The Dark Side of the California Girl

You guys see Danielle?" a friend named Anthony said to my best friend and I, pointing down from where we sat on the bleachers to the girls playing volleyball. "Look closely. Ugh. Cellulite. Don't ever get that shit, okay? Don't ever get cellulite." We weren't sure what to say back to that, so we just kept our eyes trained on the game, trying not to stare... not just at our cute and sporty friend Danielle's legs in her short volleyball shorts, but every girls' legs. We were all 16 years old.

This is the first encounter of its kind that I remember…a brief comment that I don't think I understood, until years later, was one of the endless moments that would establish a shadow in my head, a dark place where something would always be whispering, "You and your body are not good enough unless you are perfect." The terrible thing is that I know my dark side is not nearly as dim or as vast as that of so many California girls that I've known throughout my life. 

I grew up near San Francisco. I played a lot of sports, namely soccer, and my closest female friends and I mostly had pretty healthy body images.
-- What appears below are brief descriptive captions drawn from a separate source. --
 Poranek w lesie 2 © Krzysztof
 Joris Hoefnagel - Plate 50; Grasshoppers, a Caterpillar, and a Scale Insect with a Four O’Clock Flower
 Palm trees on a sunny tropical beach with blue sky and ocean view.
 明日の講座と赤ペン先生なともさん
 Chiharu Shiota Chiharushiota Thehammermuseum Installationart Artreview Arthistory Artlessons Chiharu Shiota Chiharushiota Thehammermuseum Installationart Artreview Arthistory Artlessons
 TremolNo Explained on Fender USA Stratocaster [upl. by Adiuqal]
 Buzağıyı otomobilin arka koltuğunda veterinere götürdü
I don't remember even thinking a negative thought about my body until prom photos when I was 16, which was simply, hm, my arm could have looked smaller there, but whatever. I have since known 11 year olds with worse thoughts. I am really grateful that there wasn't much to this dark side for me until I moved away for college, just before I turned 18. To southern California.

My university was a tiny, gorgeous private school that looked more like a summer camp, with low buildings nestled in the trees on a mountainside that sloped down to the beach about a 5 minute drive away. People would sit outside the dorms in the nearly perpetual sunshine and play the guitar, play spontaneous frisbee games on the vast lawns, and occasionally a class might be held outside in the formal gardens. It was a happy little paradise, in many ways. 

The dorm I lived in, for freshman only, had 100 girls in one long hallway on the 3rd floor and as many guys on the 2nd. There were extremely smart, pretty and well-dressed girls everywhere; some would say that the ratio of prom queens was higher here than any other university our friends had gone to. It was an expensive school, so there were a lot of students from pretty well off families. You may not know what this is a recipe for unless you know a lot about high achieving upper income females in the US. The rumors were that our school had to pay for new pipes to be installed every couple of years in that dorm due to the excessive amount of stomach acids that were eroding the plumbing because of so many cases of bulimia among the girls. 
We never knew if this was true, but it's a common story among some college buildings that house a lot of females. 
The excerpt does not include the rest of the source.